• [ACTIVITY]
In this exercise, return the whole listing exactly, excluding any images.

• [DATASET EXCERPT]
————
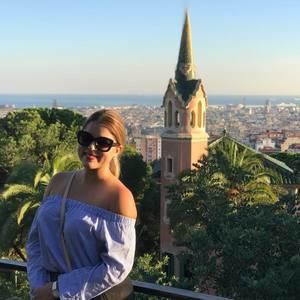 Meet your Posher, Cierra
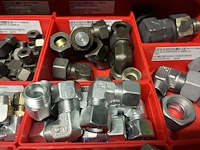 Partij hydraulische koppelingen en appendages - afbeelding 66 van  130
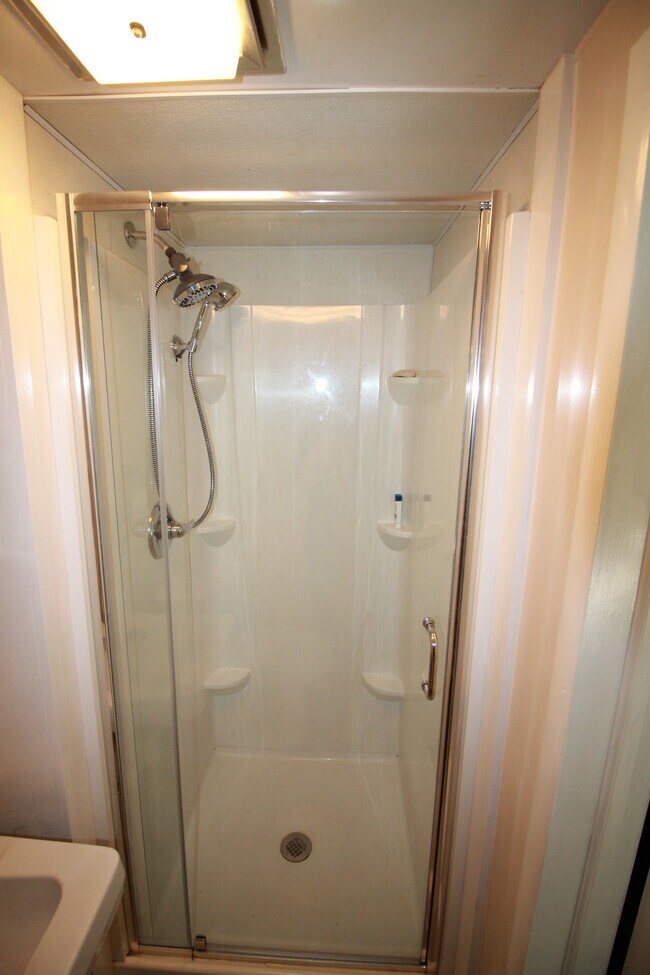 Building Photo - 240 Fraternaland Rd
————
• [OUTPUT OF THE EXERCISE]
 Meet your Posher, Cierra
 Partij hydraulische koppelingen en appendages - afbeelding 66 van  130
 Building Photo - 240 Fraternaland Rd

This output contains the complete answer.